A Marble is a semantic particle-like data structure with properties such as:
- Position: derived from vector embeddings (e.g., FastText / Word2Vec) — where a concept sits in semantic space.
- Mass / Density: derived from corpus statistics (frequency, dispersion) — a proxy for “semantic pull” in a given corpus.
- Interactions: attraction / repulsion / resonance between Marbles, computed from proximity and calibrated constraints.
A Marble is not a metaphor in this repo. It’s a measurable structure we can compute and test.
This is:
- an exploratory research codebase,
- a reproducible pipeline for semantic experiments,
- a controlled sandbox for measuring cross-lingual meaning stability.
This is not:
- a finished model,
- a production system,
- a claim of “new physics.”
Treat all outputs as experimental.
Before generating any “Marbles,” we validate a prerequisite:
Do core human affective states (“core feelings”) form stable neighborhoods across languages in aligned semantic space?
We run a small seed set (“his20”) through aligned FastText vector spaces and measure:
- whether each anchor can be found (
rank), - how strongly it matches (
sim), - and how stable it is across languages (
anchor_sim_mean).
If meaning clusters are cross-lingually stable, then “Marble candidates” can be defined as language-independent semantic attractors rather than as language-specific tokens.
- Aligned FastText vectors (examples):
wiki.en.align.vecwiki.de.align.vecwiki.fr.align.vecwiki.tr.align.vec
- TSV reports per run (e.g.,
his20_probe.tsv) - Seed files (e.g.,
nk_his20_seed.tsv)
(Folder layout for these will be committed alongside the first public drop.)
- Corpus processing
- streaming token extraction
- frequency + dispersion analysis
- Token universe construction
- unique token space
- frequency-ranked vocabulary
- candidate selection
- Marble generation (experimental)
- token/anchor → Marble
- mass/volume/density assignment
- initial interaction fields
- Field calibration & mapping (research)
- calibration experiments
- semantic polarity constraints
- early topography / clustering maps
- Primary working language: Turkish
- Cross-lingual validation: EN / TR / DE / FR (expandable)

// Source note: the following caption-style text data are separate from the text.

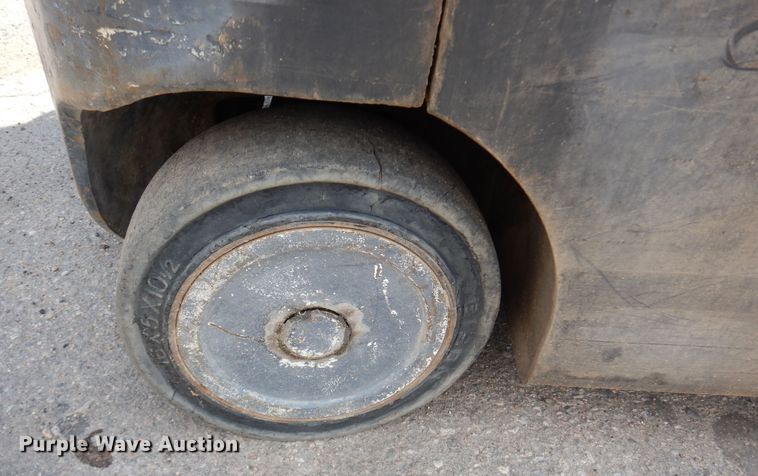 image for item DR1314 Hyster 40  forklift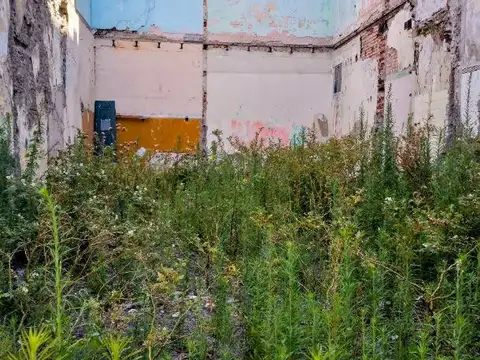LOTE DE TERRENO .
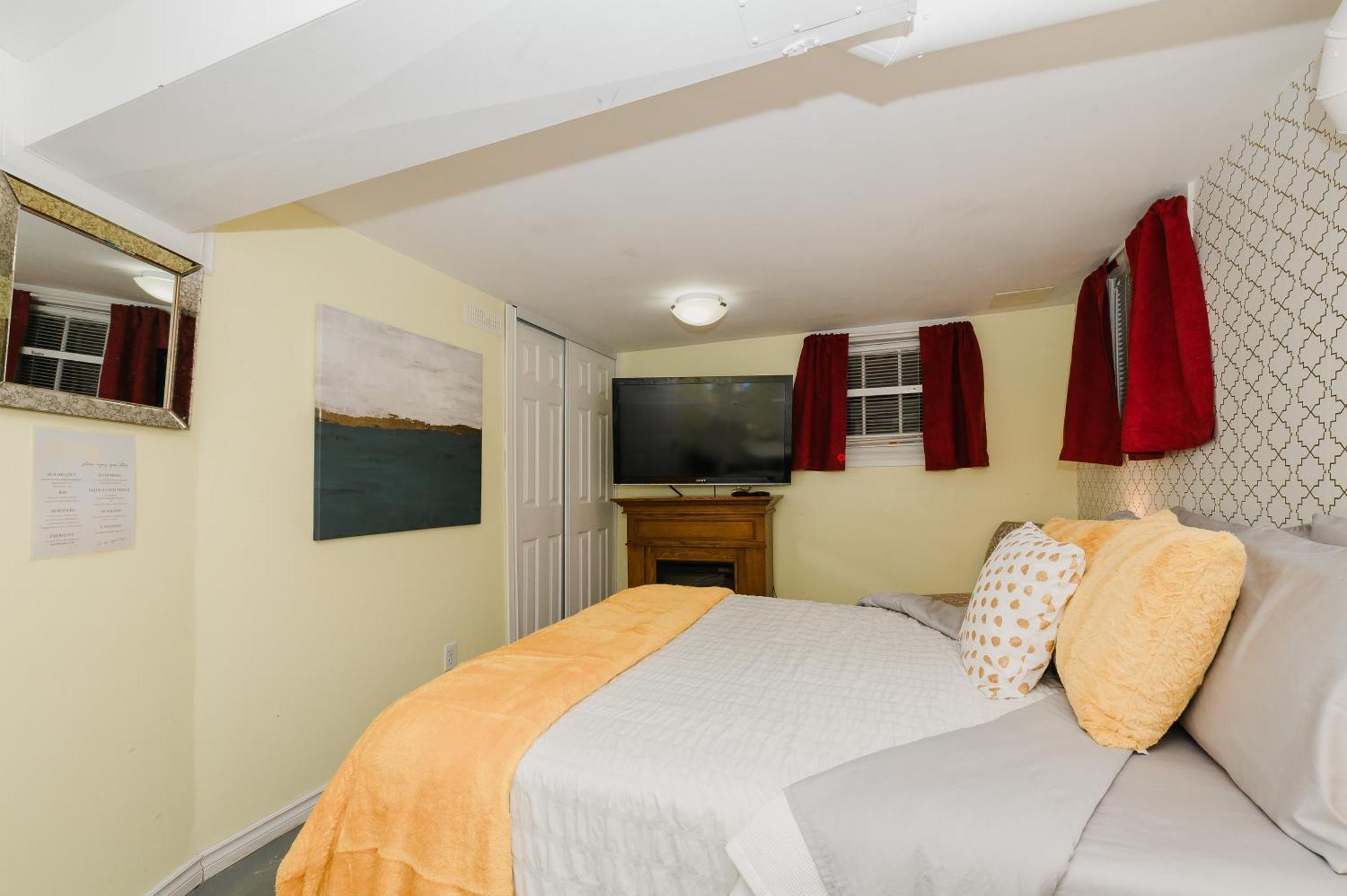 Quaint & Cozy Accommodation エドモントン エクステリア 写真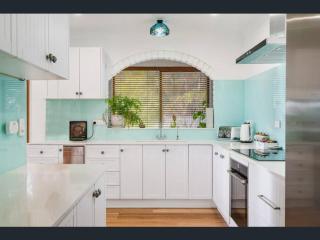 Beachfront Villa by Peppy Beach Retreats® - Capel - 3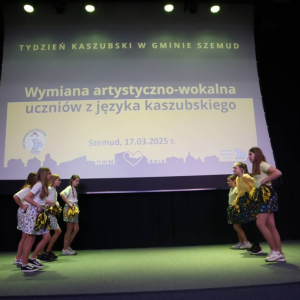 pokaż obrazek - Wymiana artystyczno-wokalna uczniów w ramach Tygodnia Kaszubskiego w Gminie Szemud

- Embeddings are external and replaceable
- The framework is intended to be language-agnostic
- Version: v0.1 (experimental)
- Phase-0 cross-lingual probe: active / stabilizing
- Marble generation: not yet locked
- Field calibration: research phase
Meaning is not static. It has structure, weight, and neighborhoods.
This repository is an attempt to model and measure that — carefully, with reproducible steps.
Open research use (to be clarified as the project matures).